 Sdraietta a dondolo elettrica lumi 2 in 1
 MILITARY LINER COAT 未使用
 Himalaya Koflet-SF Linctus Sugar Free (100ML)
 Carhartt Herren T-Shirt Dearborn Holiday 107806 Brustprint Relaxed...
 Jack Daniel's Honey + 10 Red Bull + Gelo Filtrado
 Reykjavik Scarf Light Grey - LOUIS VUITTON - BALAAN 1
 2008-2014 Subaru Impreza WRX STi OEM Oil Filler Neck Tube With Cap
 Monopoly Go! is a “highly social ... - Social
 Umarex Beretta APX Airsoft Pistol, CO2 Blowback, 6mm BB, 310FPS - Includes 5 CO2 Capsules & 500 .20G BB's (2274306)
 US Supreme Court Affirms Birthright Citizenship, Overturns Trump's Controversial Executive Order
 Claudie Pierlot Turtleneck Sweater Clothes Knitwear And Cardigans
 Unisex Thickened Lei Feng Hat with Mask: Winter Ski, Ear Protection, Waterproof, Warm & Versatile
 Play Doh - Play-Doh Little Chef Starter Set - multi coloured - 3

## Task instructions
Repeat, word for word, the lines above between the line holding "Monopoly Go! is" and the line holding "US Supreme Court", inclusive; omit everything else.

## Task answer
 Monopoly Go! is a “highly social ... - Social
 Umarex Beretta APX Airsoft Pistol, CO2 Blowback, 6mm BB, 310FPS - Includes 5 CO2 Capsules & 500 .20G BB's (2274306)
 US Supreme Court Affirms Birthright Citizenship, Overturns Trump's Controversial Executive Order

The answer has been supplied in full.